→ **ASSIGNMENT**:
Your answer should be the records below, repeated exactly as they stand.

..............................

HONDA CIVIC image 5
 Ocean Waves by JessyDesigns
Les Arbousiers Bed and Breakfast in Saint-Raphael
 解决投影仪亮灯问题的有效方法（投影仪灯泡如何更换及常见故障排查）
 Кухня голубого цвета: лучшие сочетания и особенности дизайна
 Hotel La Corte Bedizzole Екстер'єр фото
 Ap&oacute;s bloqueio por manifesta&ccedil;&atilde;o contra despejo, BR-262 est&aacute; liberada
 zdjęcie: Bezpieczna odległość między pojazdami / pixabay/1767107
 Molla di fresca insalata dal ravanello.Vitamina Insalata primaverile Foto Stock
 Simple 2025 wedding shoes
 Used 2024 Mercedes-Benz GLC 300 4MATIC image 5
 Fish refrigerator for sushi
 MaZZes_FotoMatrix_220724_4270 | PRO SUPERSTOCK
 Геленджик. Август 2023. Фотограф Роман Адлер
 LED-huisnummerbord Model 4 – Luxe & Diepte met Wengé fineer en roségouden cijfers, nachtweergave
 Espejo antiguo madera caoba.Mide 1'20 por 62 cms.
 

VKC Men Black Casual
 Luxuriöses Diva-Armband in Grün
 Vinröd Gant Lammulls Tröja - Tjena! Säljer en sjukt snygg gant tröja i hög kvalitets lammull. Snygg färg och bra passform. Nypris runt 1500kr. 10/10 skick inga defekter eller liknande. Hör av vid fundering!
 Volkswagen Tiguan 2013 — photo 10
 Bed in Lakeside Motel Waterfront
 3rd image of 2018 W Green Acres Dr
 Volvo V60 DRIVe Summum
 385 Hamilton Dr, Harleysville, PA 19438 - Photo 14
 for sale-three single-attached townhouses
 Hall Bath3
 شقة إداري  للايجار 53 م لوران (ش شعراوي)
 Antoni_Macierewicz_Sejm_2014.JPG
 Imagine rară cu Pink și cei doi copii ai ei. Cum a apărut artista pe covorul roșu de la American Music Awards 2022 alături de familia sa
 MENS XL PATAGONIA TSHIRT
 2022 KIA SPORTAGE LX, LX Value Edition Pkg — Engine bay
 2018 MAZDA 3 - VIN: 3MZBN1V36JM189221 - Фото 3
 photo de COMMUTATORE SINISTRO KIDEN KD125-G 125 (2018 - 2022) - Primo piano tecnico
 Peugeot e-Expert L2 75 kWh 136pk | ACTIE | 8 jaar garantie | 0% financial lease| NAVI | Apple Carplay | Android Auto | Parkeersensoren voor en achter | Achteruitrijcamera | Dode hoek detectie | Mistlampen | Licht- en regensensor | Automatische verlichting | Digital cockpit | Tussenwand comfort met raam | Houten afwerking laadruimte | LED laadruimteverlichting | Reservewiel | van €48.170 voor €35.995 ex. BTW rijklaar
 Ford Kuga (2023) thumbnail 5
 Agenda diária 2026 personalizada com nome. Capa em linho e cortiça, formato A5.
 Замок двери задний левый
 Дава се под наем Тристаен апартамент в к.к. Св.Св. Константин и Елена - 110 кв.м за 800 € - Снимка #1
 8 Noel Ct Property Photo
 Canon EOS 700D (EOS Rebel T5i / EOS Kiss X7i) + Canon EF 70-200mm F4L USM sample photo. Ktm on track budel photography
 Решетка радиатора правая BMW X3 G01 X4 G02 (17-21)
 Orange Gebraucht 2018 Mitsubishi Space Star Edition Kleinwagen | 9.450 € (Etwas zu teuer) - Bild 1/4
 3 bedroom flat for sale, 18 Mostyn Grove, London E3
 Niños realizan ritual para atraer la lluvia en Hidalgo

..............................

→ **ANSWER BELOW**:
HONDA CIVIC image 5
 Ocean Waves by JessyDesigns
Les Arbousiers Bed and Breakfast in Saint-Raphael
 解决投影仪亮灯问题的有效方法（投影仪灯泡如何更换及常见故障排查）
 Кухня голубого цвета: лучшие сочетания и особенности дизайна
 Hotel La Corte Bedizzole Екстер'єр фото
 Ap&oacute;s bloqueio por manifesta&ccedil;&atilde;o contra despejo, BR-262 est&aacute; liberada
 zdjęcie: Bezpieczna odległość między pojazdami / pixabay/1767107
 Molla di fresca insalata dal ravanello.Vitamina Insalata primaverile Foto Stock
 Simple 2025 wedding shoes
 Used 2024 Mercedes-Benz GLC 300 4MATIC image 5
 Fish refrigerator for sushi
 MaZZes_FotoMatrix_220724_4270 | PRO SUPERSTOCK
 Геленджик. Август 2023. Фотограф Роман Адлер
 LED-huisnummerbord Model 4 – Luxe & Diepte met Wengé fineer en roségouden cijfers, nachtweergave
 Espejo antiguo madera caoba.Mide 1'20 por 62 cms.
 

VKC Men Black Casual
 Luxuriöses Diva-Armband in Grün
 Vinröd Gant Lammulls Tröja - Tjena! Säljer en sjukt snygg gant tröja i hög kvalitets lammull. Snygg färg och bra passform. Nypris runt 1500kr. 10/10 skick inga defekter eller liknande. Hör av vid fundering!
 Volkswagen Tiguan 2013 — photo 10
 Bed in Lakeside Motel Waterfront
 3rd image of 2018 W Green Acres Dr
 Volvo V60 DRIVe Summum
 385 Hamilton Dr, Harleysville, PA 19438 - Photo 14
 for sale-three single-attached townhouses
 Hall Bath3
 شقة إداري  للايجار 53 م لوران (ش شعراوي)
 Antoni_Macierewicz_Sejm_2014.JPG
 Imagine rară cu Pink și cei doi copii ai ei. Cum a apărut artista pe covorul roșu de la American Music Awards 2022 alături de familia sa
 MENS XL PATAGONIA TSHIRT
 2022 KIA SPORTAGE LX, LX Value Edition Pkg — Engine bay
 2018 MAZDA 3 - VIN: 3MZBN1V36JM189221 - Фото 3
 photo de COMMUTATORE SINISTRO KIDEN KD125-G 125 (2018 - 2022) - Primo piano tecnico
 Peugeot e-Expert L2 75 kWh 136pk | ACTIE | 8 jaar garantie | 0% financial lease| NAVI | Apple Carplay | Android Auto | Parkeersensoren voor en achter | Achteruitrijcamera | Dode hoek detectie | Mistlampen | Licht- en regensensor | Automatische verlichting | Digital cockpit | Tussenwand comfort met raam | Houten afwerking laadruimte | LED laadruimteverlichting | Reservewiel | van €48.170 voor €35.995 ex. BTW rijklaar
 Ford Kuga (2023) thumbnail 5
 Agenda diária 2026 personalizada com nome. Capa em linho e cortiça, formato A5.
 Замок двери задний левый
 Дава се под наем Тристаен апартамент в к.к. Св.Св. Константин и Елена - 110 кв.м за 800 € - Снимка #1
 8 Noel Ct Property Photo
 Canon EOS 700D (EOS Rebel T5i / EOS Kiss X7i) + Canon EF 70-200mm F4L USM sample photo. Ktm on track budel photography
 Решетка радиатора правая BMW X3 G01 X4 G02 (17-21)
 Orange Gebraucht 2018 Mitsubishi Space Star Edition Kleinwagen | 9.450 € (Etwas zu teuer) - Bild 1/4
 3 bedroom flat for sale, 18 Mostyn Grove, London E3
 Niños realizan ritual para atraer la lluvia en Hidalgo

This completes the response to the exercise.